Jennifer (gaaneden) wrote,

Lobo Luna Question/Answer #2

2. I think we will stay with the coverage of Grants Pass. When you were coming up with the idea for the exercise, how did you arrive at the theme and guidelines that you originally chose?

I adore apocalyptic and post apocalyptic fiction. When I decided to do a post apocalyptic anthology, I went back to the stories I loved the most to figure out why I loved them so much. It wasn't just that the world as we knew it was ending and had ended, it was how and what happened next.

The idea that the world could end in a way that still gave a chance to the survivors to make some sort of normal life for themselves was important to me. That is why I was specific in that it was a combination of bioterrorism and Mother Nature. I will be honest, when I first wrote up the guidelines, there was a lot of generic hand waving over the how and why of the coming of the end. What was important to me was "what comes next."

(Of course, amandapillar convinced me the how and why was just has important as the rest when she got a hold of the anthology as my co-editor. But, I digress.)

To me, apocalyptic fiction shows the best and worst of people in their situation.

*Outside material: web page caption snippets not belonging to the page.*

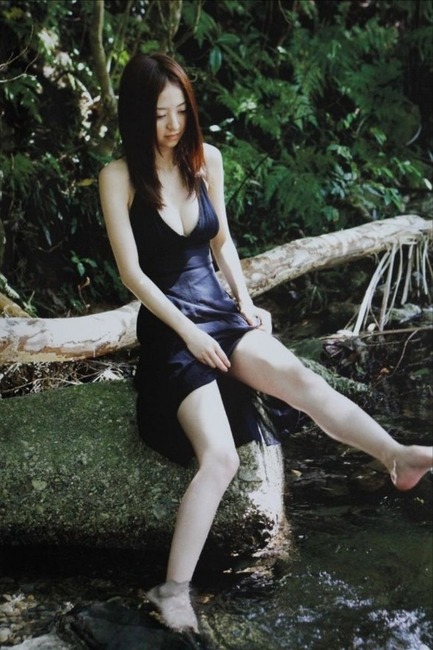 逢沢りな 女優の胸の谷間がエロい画像30枚 29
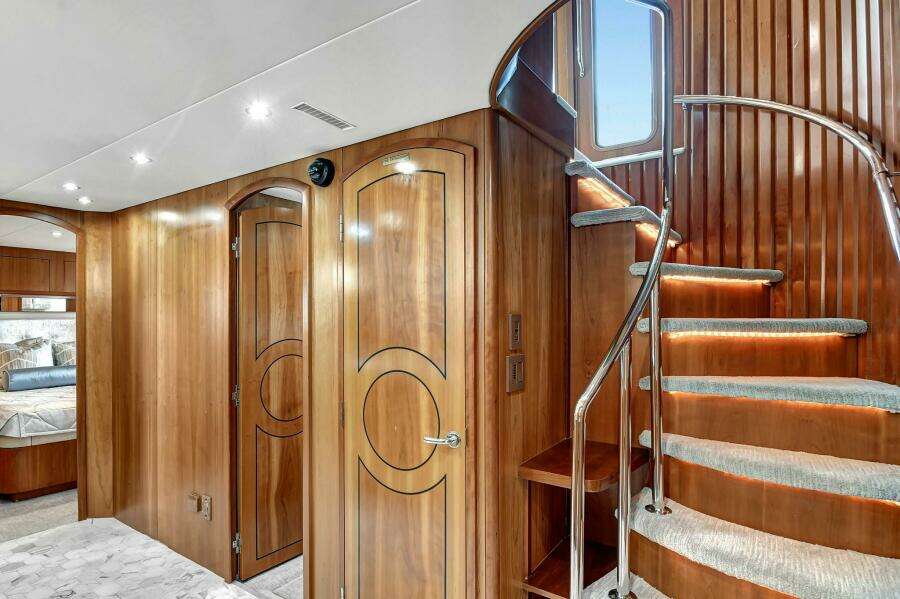 022 Lower Deck Foyer 01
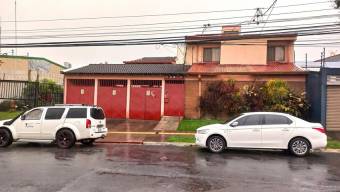 Se vende espacioso apartamento con patio en San Pablo de Heredia 24-922 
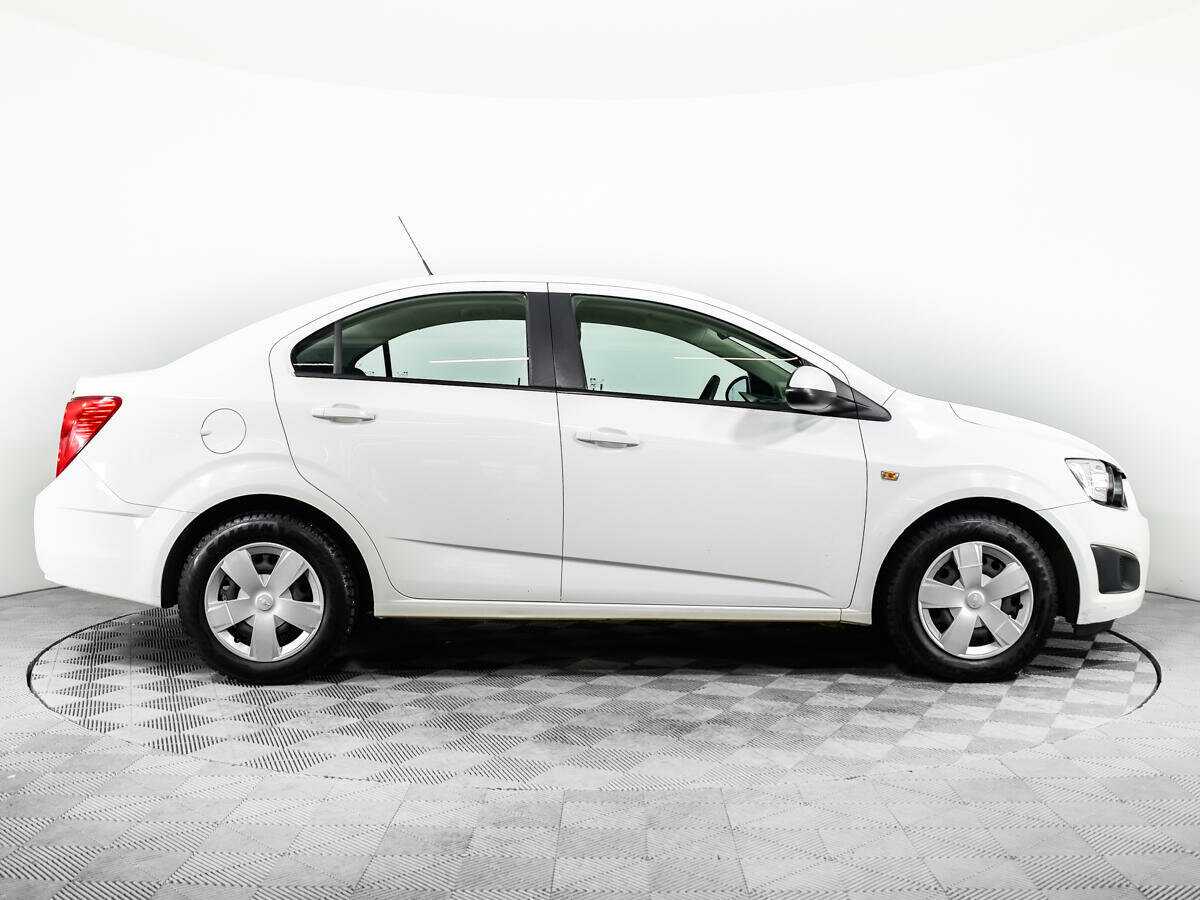 Купить Chevrolet Aveo с пробегом. Фото: #3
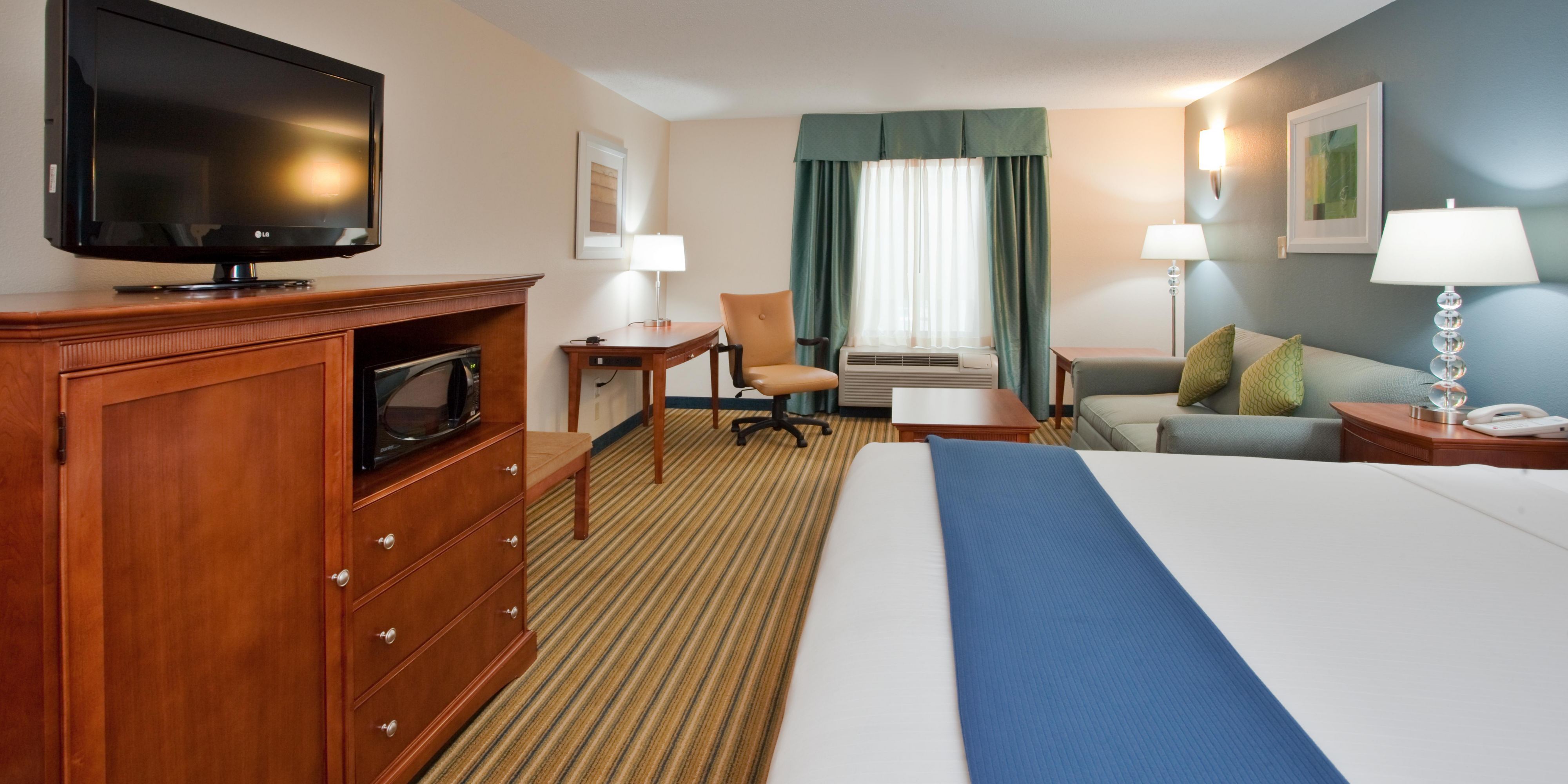 Holiday Inn Express Suites Fredericksburg Hotel By Ihg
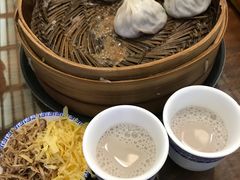 -笑来喜馄饨小笼工坊店(湖滨街店)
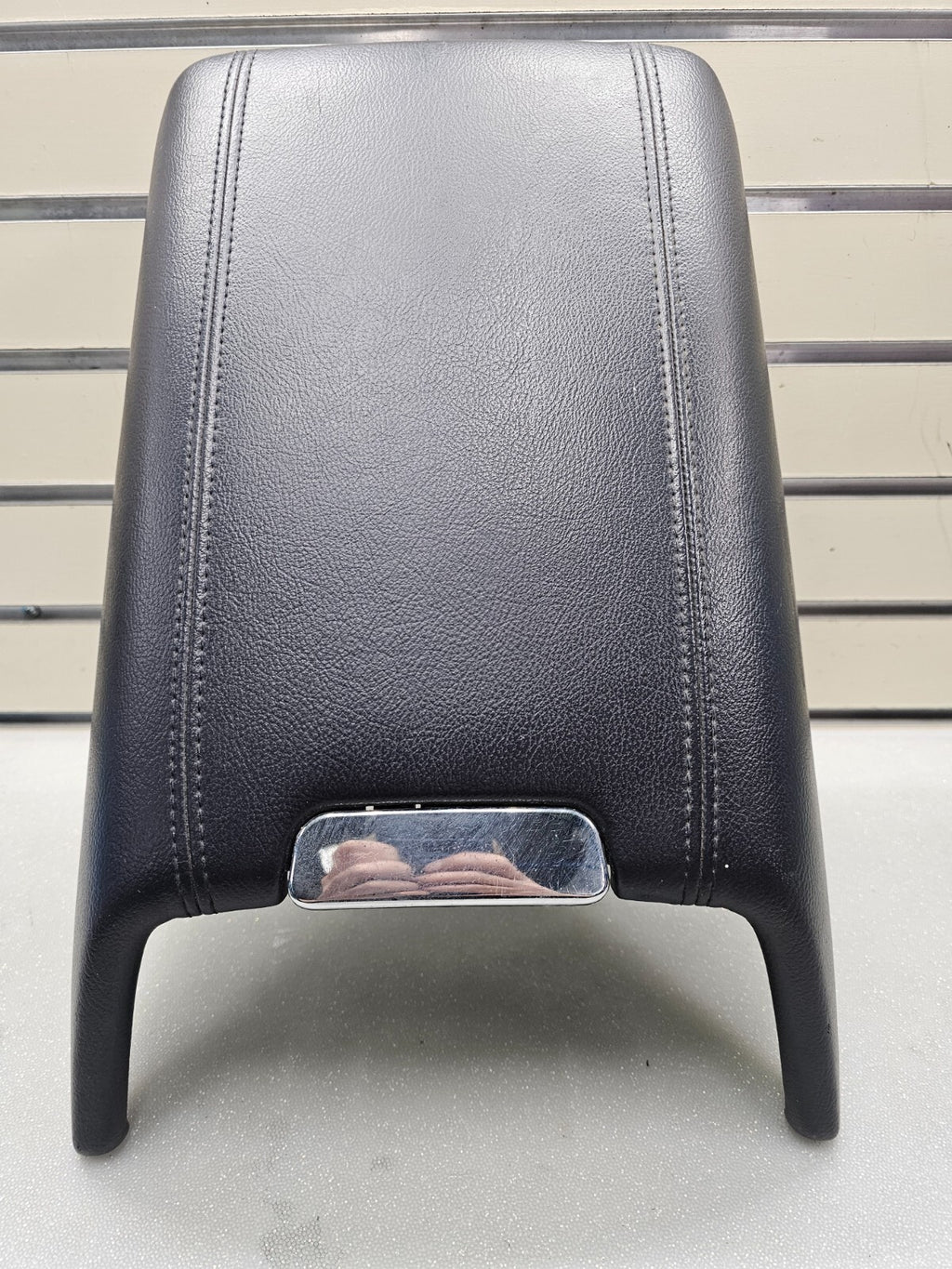 03-06 Lincoln Navigator Front Center Console Lid Arm rest Dove Leather BLACK L18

It was after the "end" that I wanted to read about. Would people come to Grants Pass? Would they reject the idea? I did not know. I wanted stories of all types from around the world. Stories in which people could not go to Grants Pass. Stories where people thought Grants Pass was it. Stories where Grants Pass was evil.

As a writing exercise, I also wanted the people of the writing group to write something closer to home. I wanted them to think about their own situation. How would they (or their fictional characters) deal with the destruction of the world by bioterrorism and horrific weather? It was a bit around the "write what you know" (or can extrapolate) exercise. Which is why it was not a nuclear holocaust, an alien invasion or zombie hordes. I wanted the writers to have one foot in reality as they wrote. I did not want to deal with the fantastical. If there was a fairy in the story, it was because the character was insane and the reader knew it.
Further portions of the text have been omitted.